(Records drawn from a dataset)

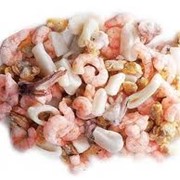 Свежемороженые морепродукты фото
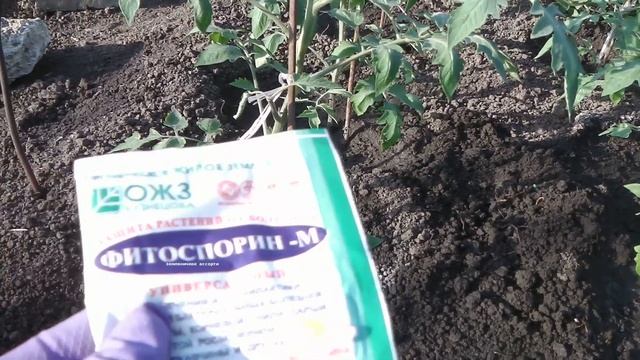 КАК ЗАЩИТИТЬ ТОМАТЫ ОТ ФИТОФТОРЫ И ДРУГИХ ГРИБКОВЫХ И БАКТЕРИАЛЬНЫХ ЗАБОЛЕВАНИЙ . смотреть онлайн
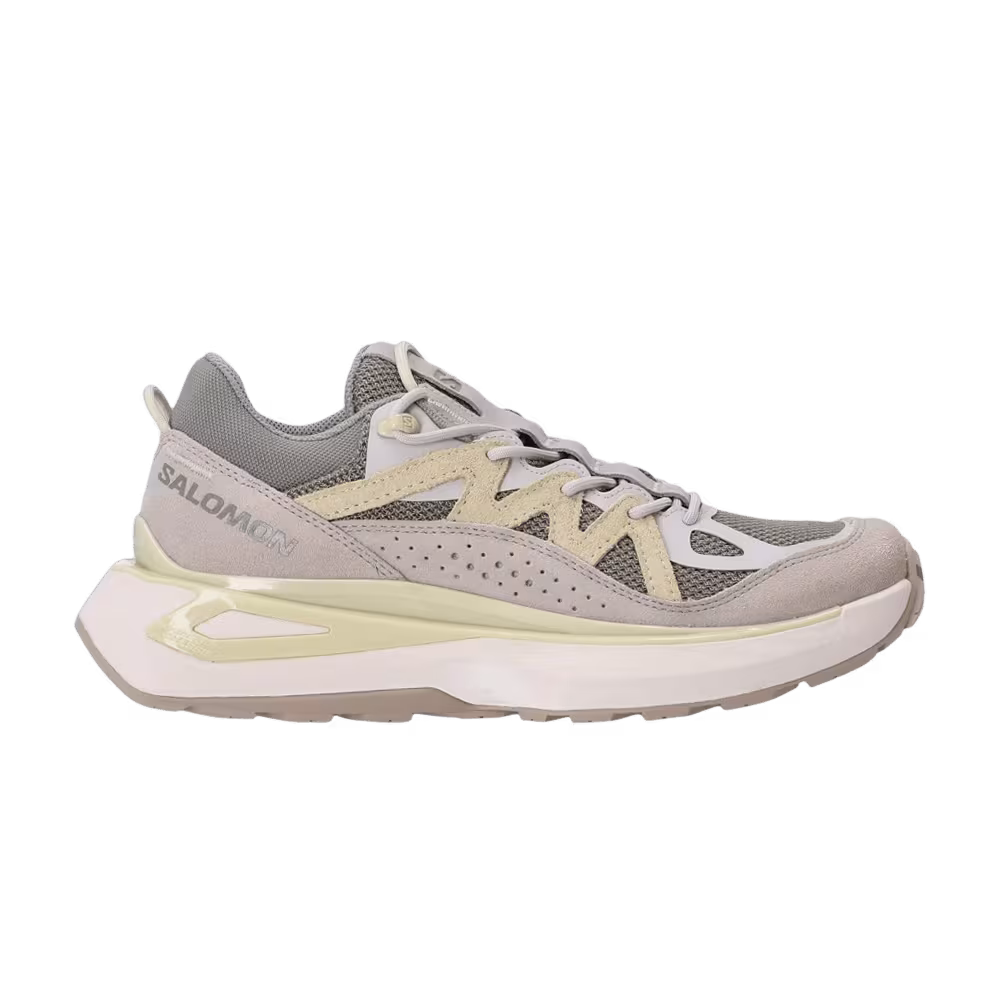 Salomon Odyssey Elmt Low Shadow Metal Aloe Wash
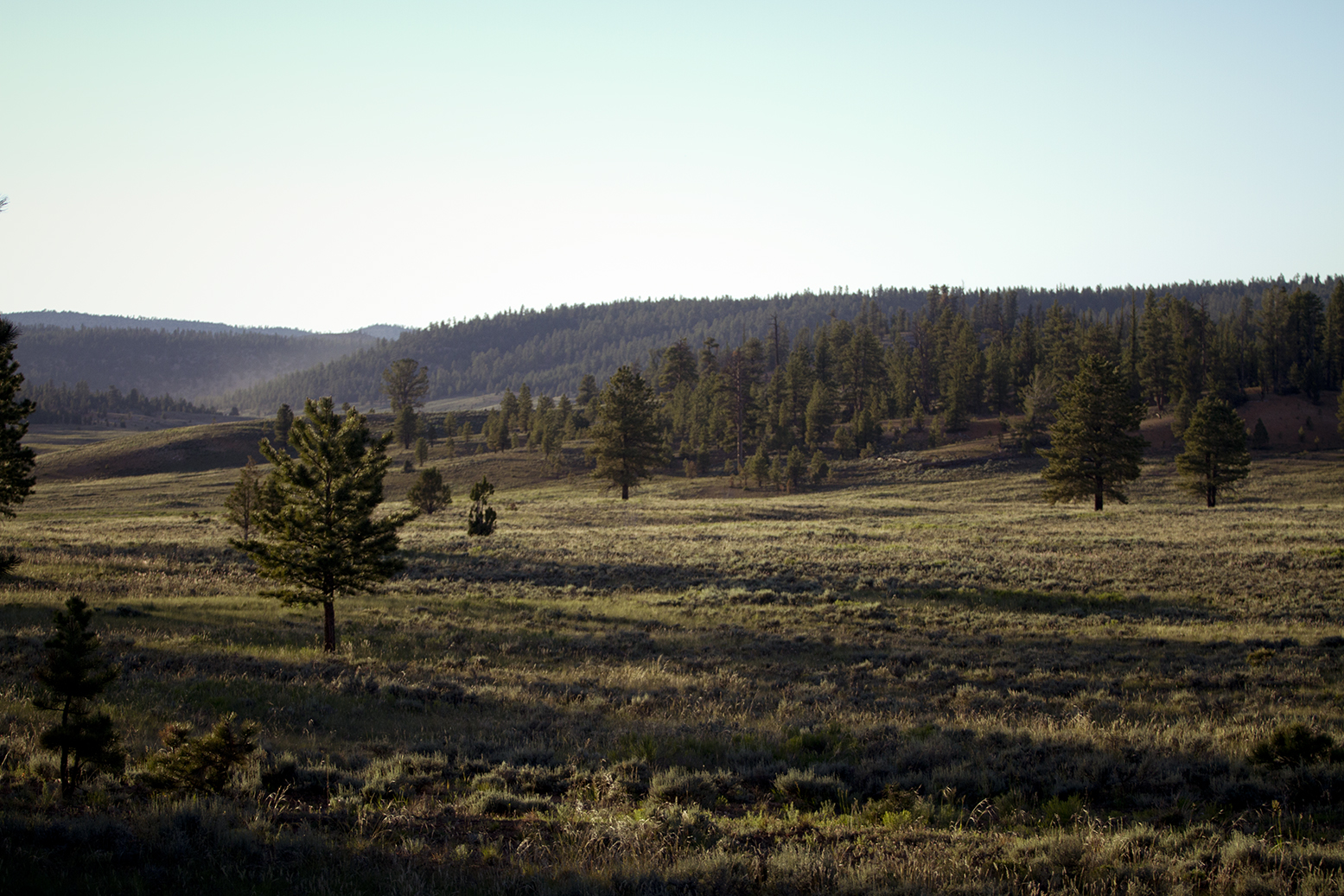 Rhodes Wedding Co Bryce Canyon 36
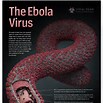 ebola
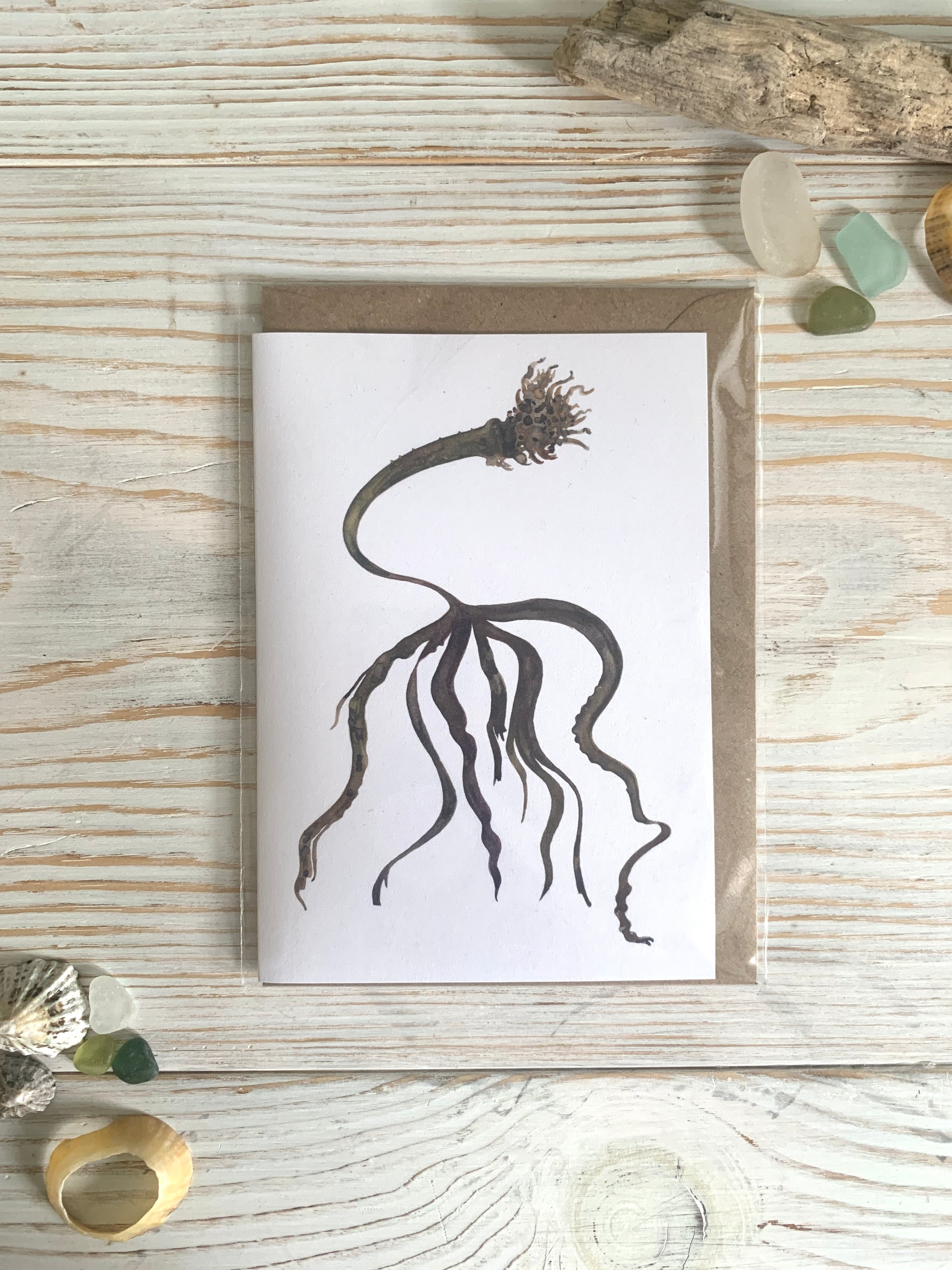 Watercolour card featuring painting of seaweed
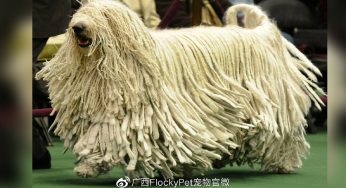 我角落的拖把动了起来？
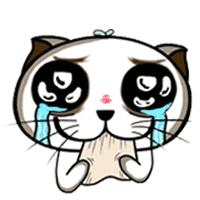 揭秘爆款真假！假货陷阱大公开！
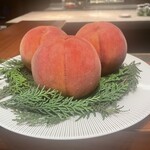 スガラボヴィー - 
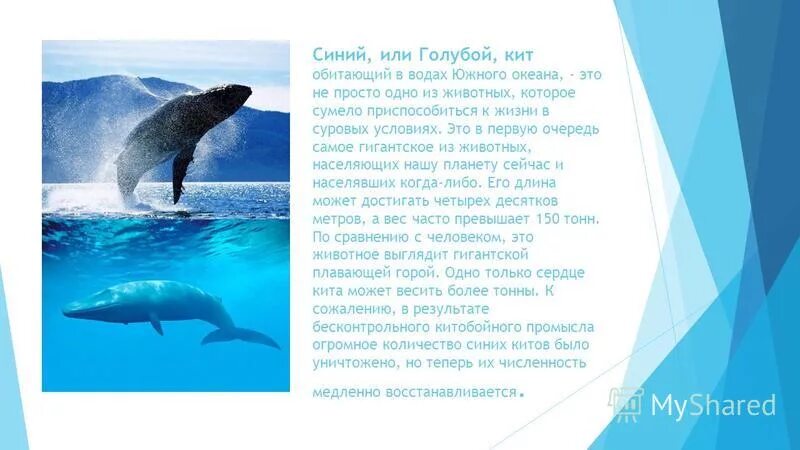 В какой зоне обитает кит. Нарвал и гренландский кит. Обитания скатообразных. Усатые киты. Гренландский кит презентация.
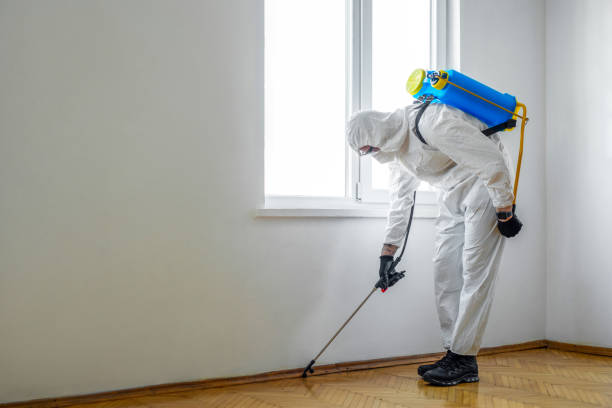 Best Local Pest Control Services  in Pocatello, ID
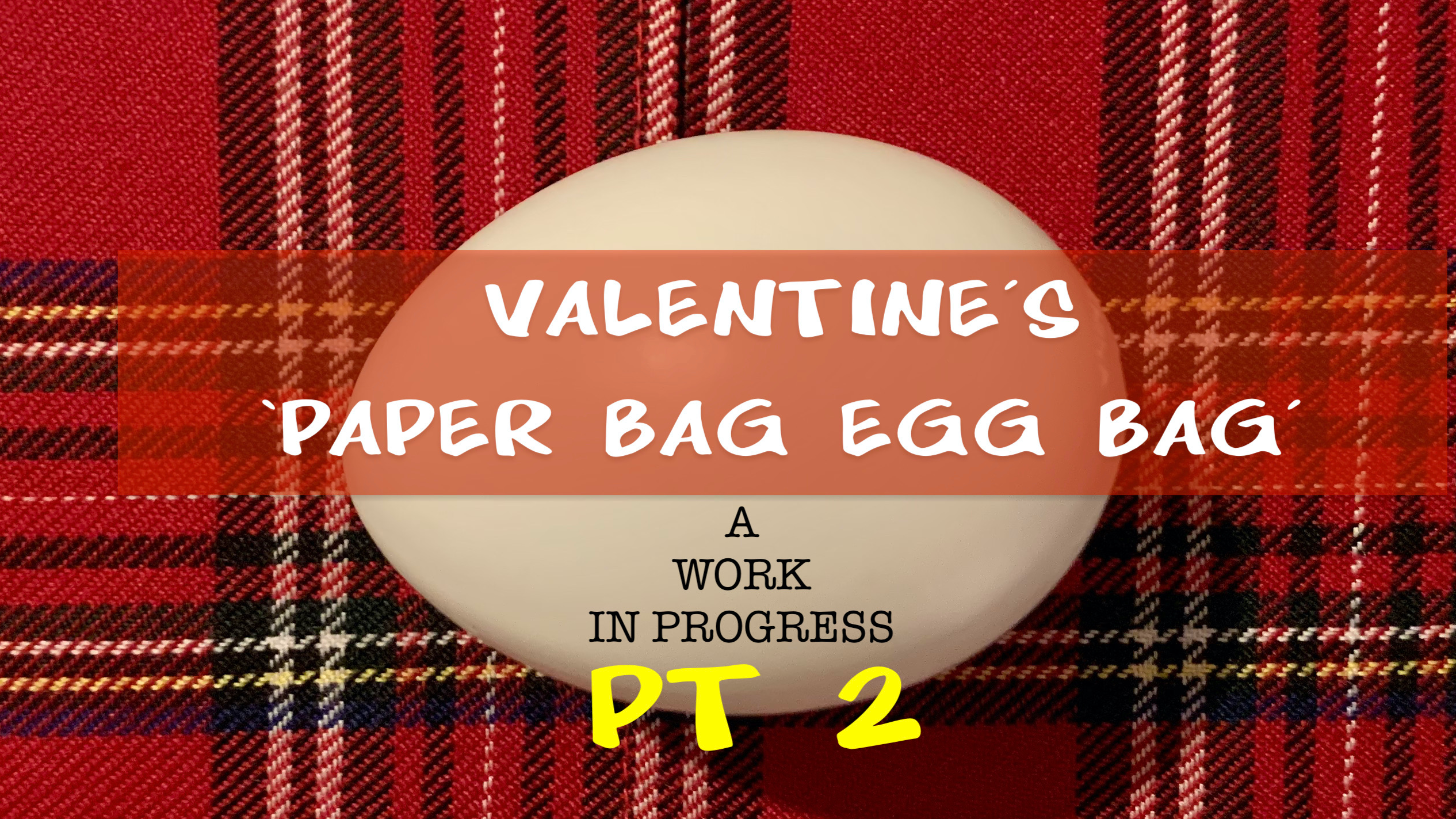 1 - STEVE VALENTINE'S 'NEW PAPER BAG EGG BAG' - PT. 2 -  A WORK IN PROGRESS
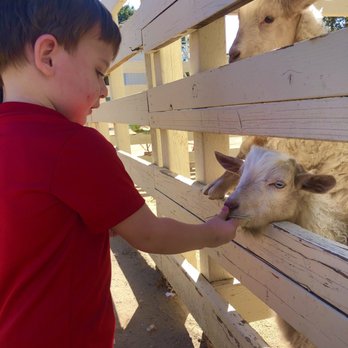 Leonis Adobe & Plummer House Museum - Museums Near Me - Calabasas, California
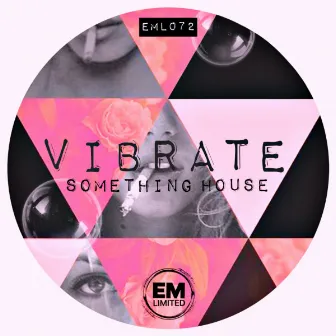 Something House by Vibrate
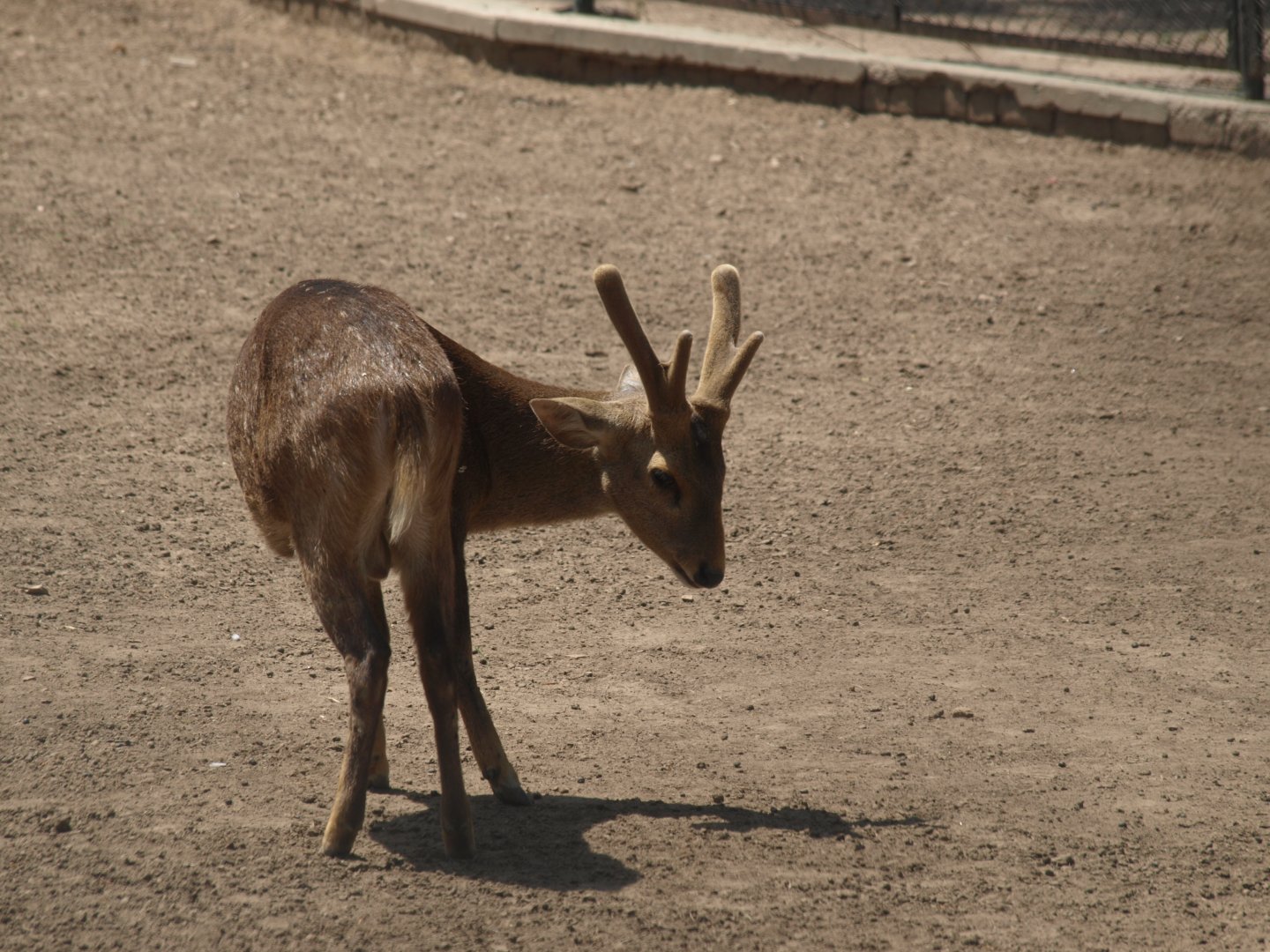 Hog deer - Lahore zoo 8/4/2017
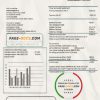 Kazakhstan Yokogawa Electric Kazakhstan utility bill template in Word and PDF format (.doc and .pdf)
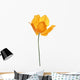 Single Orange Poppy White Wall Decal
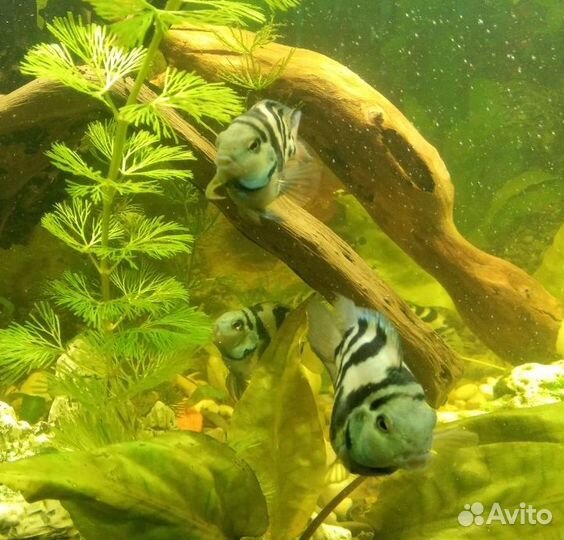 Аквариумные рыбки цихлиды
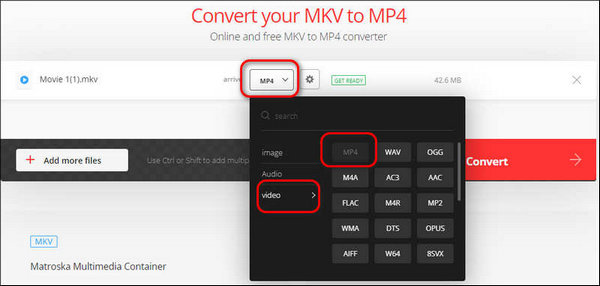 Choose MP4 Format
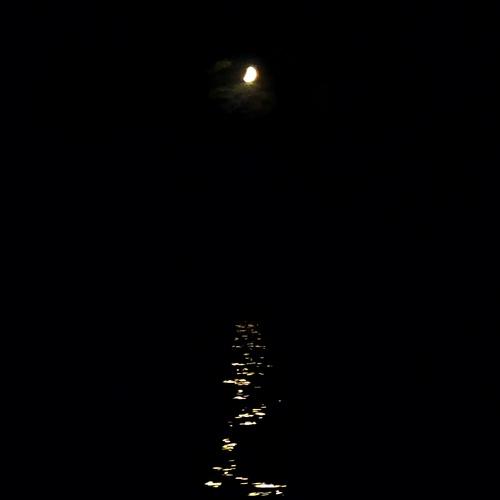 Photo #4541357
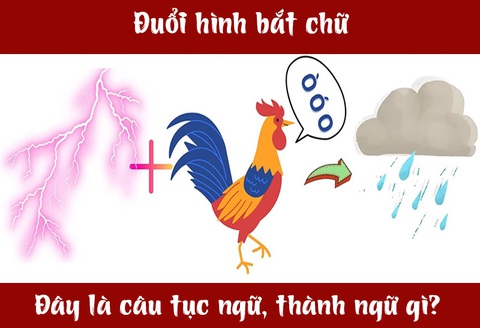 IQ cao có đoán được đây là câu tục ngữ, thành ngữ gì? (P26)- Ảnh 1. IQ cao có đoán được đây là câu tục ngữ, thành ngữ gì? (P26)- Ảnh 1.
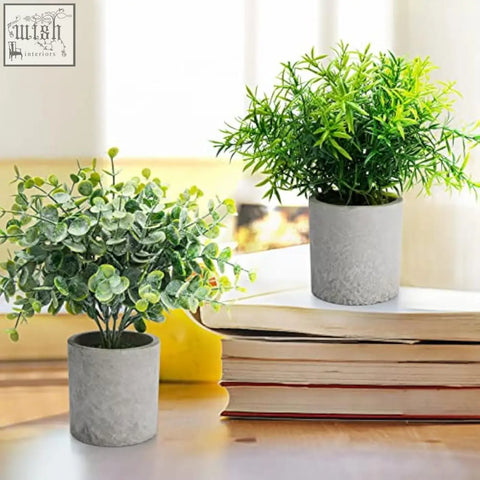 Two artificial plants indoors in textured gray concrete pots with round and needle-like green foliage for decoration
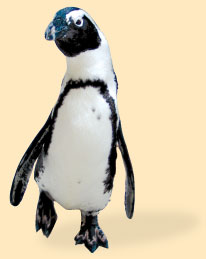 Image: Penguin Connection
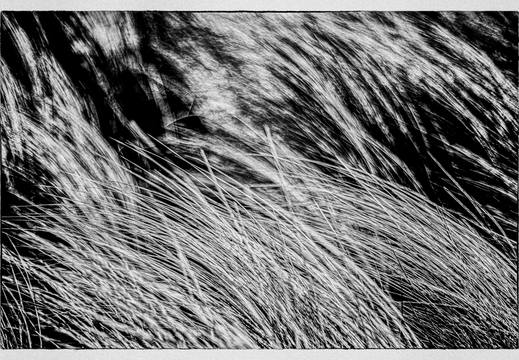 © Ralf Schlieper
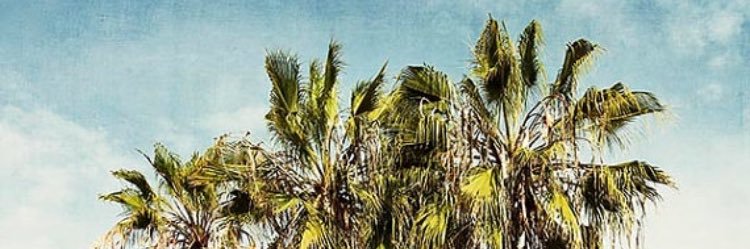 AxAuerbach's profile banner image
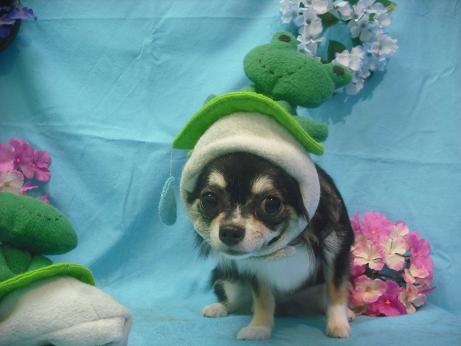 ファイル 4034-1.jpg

*AIM OF THE TASK:* Pictures stay out of the copy; please restate every record above exactly.

*FINAL ANSWER:*
 Свежемороженые морепродукты фото
 КАК ЗАЩИТИТЬ ТОМАТЫ ОТ ФИТОФТОРЫ И ДРУГИХ ГРИБКОВЫХ И БАКТЕРИАЛЬНЫХ ЗАБОЛЕВАНИЙ . смотреть онлайн
 Salomon Odyssey Elmt Low Shadow Metal Aloe Wash
 Rhodes Wedding Co Bryce Canyon 36
 ebola
 Watercolour card featuring painting of seaweed
 我角落的拖把动了起来？
 揭秘爆款真假！假货陷阱大公开！
 スガラボヴィー - 
 В какой зоне обитает кит. Нарвал и гренландский кит. Обитания скатообразных. Усатые киты. Гренландский кит презентация.
 Best Local Pest Control Services  in Pocatello, ID
 1 - STEVE VALENTINE'S 'NEW PAPER BAG EGG BAG' - PT. 2 -  A WORK IN PROGRESS
 Leonis Adobe & Plummer House Museum - Museums Near Me - Calabasas, California
 Something House by Vibrate
 Hog deer - Lahore zoo 8/4/2017
 Kazakhstan Yokogawa Electric Kazakhstan utility bill template in Word and PDF format (.doc and .pdf)
 Single Orange Poppy White Wall Decal
 Аквариумные рыбки цихлиды
 Choose MP4 Format
 Photo #4541357
 IQ cao có đoán được đây là câu tục ngữ, thành ngữ gì? (P26)- Ảnh 1. IQ cao có đoán được đây là câu tục ngữ, thành ngữ gì? (P26)- Ảnh 1.
 Two artificial plants indoors in textured gray concrete pots with round and needle-like green foliage for decoration
 Image: Penguin Connection
 © Ralf Schlieper
 AxAuerbach's profile banner image
 ファイル 4034-1.jpg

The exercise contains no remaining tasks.